# Problem statement
Set down each line of the listing below exactly as it is written.

# Information supplied
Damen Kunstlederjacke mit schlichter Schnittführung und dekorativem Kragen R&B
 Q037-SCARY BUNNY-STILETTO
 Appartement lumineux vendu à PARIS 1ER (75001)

# Reply
Damen Kunstlederjacke mit schlichter Schnittführung und dekorativem Kragen R&B
 Q037-SCARY BUNNY-STILETTO
 Appartement lumineux vendu à PARIS 1ER (75001)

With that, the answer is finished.